Snake Pass can help realize everyone’s lifelong dream of being a klutzy snake

Snake Pass can help realize everyone’s lifelong dream of being a klutzy snake

Hello, Gameologerinos, and welcome to our weekly thread for the discussion of weekend gaming plans and recent gaming glories. I have a handful of new releases vying for my attention this weekend, but the one I’m looking forward to spending some time exploring a bit more is Snake Pass. People have been conflating this with Yooka-Laylee, the release of which is just around the corner, thinking that they’re both homages to Rare’s Nintendo 64-era 3-D platformers: colorful games where you run around collecting baubles and interacting with googly-eyed cartoon characters. Yooka-Laylee is definitely that. In fact, it’s pretty much a carbon copy of Banjo-Kazooie. Snake Pass, however, has as much in common with physics-based fumble-fests like Octodad as it does Rare’s beloved platformers.

Yes, the game is delightfully vibrant and you collect things and the excellent music was composed by David Wise of Donkey Kong Country fame, but the similarities end there. Snake Pass has you controlling Noodle, a doofy cartoon serpent; more specifically, you control Noodle’s head, holding a trigger to move in the direction it’s pointing and holding a button to lift it up. Using those two inputs, as well as a third that makes your body grip whatever it’s wrapped around, you’re tasked with slithering and climbing around a series of levels and collecting some gems to open up the goal.

The controls really are what set it apart.
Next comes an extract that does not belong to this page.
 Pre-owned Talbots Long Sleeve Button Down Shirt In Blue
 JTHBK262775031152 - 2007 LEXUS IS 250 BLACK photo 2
It’s a difficult concept to grasp, but the key to getting anywhere is wrapping yourself around the various objects in these levels and making sure your weight is well supported enough so that you don’t slide off. Something as simple as climbing a tower, for example, is an exhausting exercise but really satisfying when you manage to get to the top and are free to lower Noodle’s head, dropping it to a relaxed position like a poetic reflection of your relieved shoulders. Like Octodad and its awkward brethren, getting the hang of things isn’t easy and there’s equal measures of comedy and frustration to be had from watching your miserable klutz of a snake go flailing off the side of a level. It’s a novel concept executed well, and I’m looking forward to getting deeper into it. Snake Pass is currently available on Xbox One, PlayStation 4, Windows, and Nintendo Switch.